Le prese di posizione dei singoli gruppi si collocavano tra questi due poli. Dato che il movimento anarchico non è ancora arrivato ad una unificazione nazionale, non si può parlare della "opinione degli anarchici tedeschi". Sì può soltanto descrivere l'opinione di un gruppo o di un altro. Per darne un esempio, ecco il risultato della discussione che si è svolta nella sede del gruppo anarchico di Colonia:
"L'uso della violenza, per noi, non è una questione di principio. Non siamo in generale pro o contro la violenza. La violenza è uno strumento di lotta come un altro. L'opportunità del suo uso dipende dalla strategia generale della lotta rivoluzionaria. È certo che la violenza non può sostituire un movimento di massa. Però, è altrettanto certo che certe azioni violente possono accelerare la costituzione di un movimento di massa. L'ostacolo più importante alla presa di coscienza delle masse è il sentimento di impotenza verso l'oppressione praticata dal sistema. Quello che manca è l'esempio della possibilità di rivolta, non basta la convinzione della validità delle teorie rivoluzionarie per fare la rivoluzione. Per questa ragione non sono buone tutte le azioni violente ma soltanto quelle che:
1. hanno la funzione di sostenere o di proteggere un movimento di massa (esempio: l'anno scorso alcune centinaia dei 5.000 operai della fabbrica Ford a Colonia si sono ribellati; poco dopo molti di essi sono stati licenziati. Questo non deve succedere, bisogna dimostrare ai padroni che non possono agire impunemente);
2. sono adatte a risvegliare la coscienza delle masse (esempio: il ratto del console Beihl in occasione del processo di Burgos);
3. indeboliscono il sistema esistente, rafforzando nello stesso tempo il movimento rivoluzionario (esempio: un furto ad una banca con lo scopo di fornire i fondi necessari al movimento rivoluzionario; però si deve avere la quasi certezza che quelli che lo fanno non possono essere presi; la giustificazione di tale azione dipende da suo probabile successo).

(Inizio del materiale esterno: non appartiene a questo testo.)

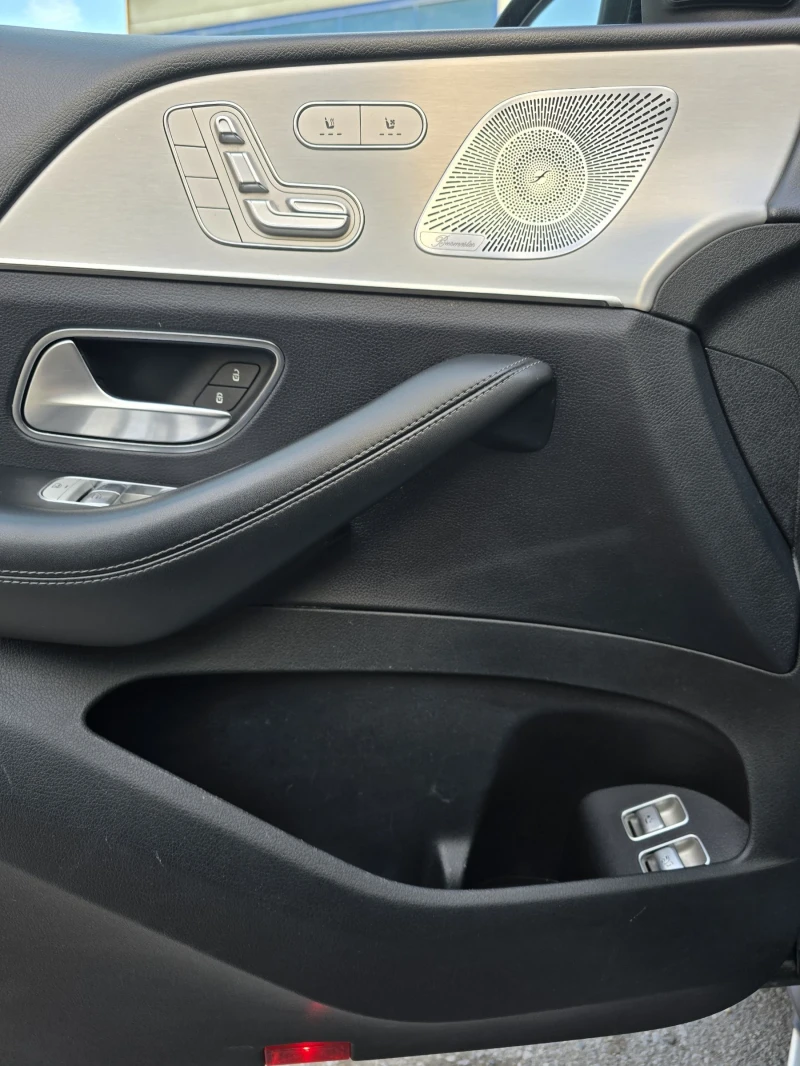 Mercedes-Benz GLE 350 PANO / DISTRONIC / ТЕГЛИЧ /, снимка 7 - Автомобили и джипове - 52373416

Sono da rifiutare azioni di carattere esibizionistico i cui scopi non siano chiari, risultando oggettivamente provocatori.
Ma nel caso del gruppo Baader-Meinhof il nostro giudizio non deve essere troppo severo, deve tener conto della situazione e della coscienza dell'individuo in azione. Un militante normalmente deve avere coscienza di tutti i fattori sopraindicati. Per qualcuno però che non ha ancora avuto l'occasione di sviluppare abbastanza la sua coscienza, che possiede soltanto una rabbia senza scopo preciso contro il sistema che l'opprime, per tale individuo può esser un atto di liberazione fare un'azione violenta obiettivamente non utile. Dobbiamo essere solidali con lui, cercando nello stesso tempo di spiegargli perché la sua azione non è valida.

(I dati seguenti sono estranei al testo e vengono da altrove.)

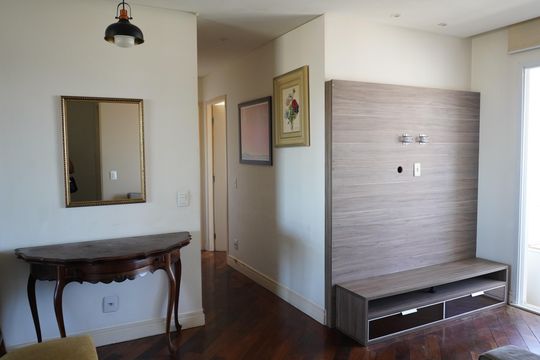 Sala de apartamento à venda com 2 quartos, 55m² em Vila Bertioga, São Paulo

Sullo sfondo di questa discussione il nostro giudizio sul caso Baader-Meinhof potrebbe così puntualizzarsi:
Oggettivamente la loro azione non è stata opportuna. Non era necessario liberare il Baader pochi mesi prima della fine della sua pena. È questa "inutilità" dell'azione che ha impedito alla popolazione di capire perché è stata fatta. Inoltre, questa azione ha indebolito il movimento rivoluzionario perché tutte le persone coinvolte in questo affare adesso sono obbligate a vivere di nascosto ed hanno quindi una possibilità di azione molto limitata. Senza la sua "liberazione" il Baader adesso potrebbe vivere e agire in libertà ed essere più utile alla crescita del movimento rivoluzionario.
Però, benché l'azione non possa essere qualificata come strategicamente valida, essa è da giustificarsi. Ogni azione eversiva contro questo sistema è giustificata, non possiamo giudicare con il parametro dei giudici dello stato borghese e dei loro codici una persona che dichiara di essere in guerra contro questo stato. Ogni liberazione di un "prigioniero di guerra" è giustificata, non si tratta più di una questione di principio. Il problema è solo di natura strategica e tattica: come si possa liberare qualcuno senza che il risultato sia di avere alla fine dieci detenuti invece di uno solo.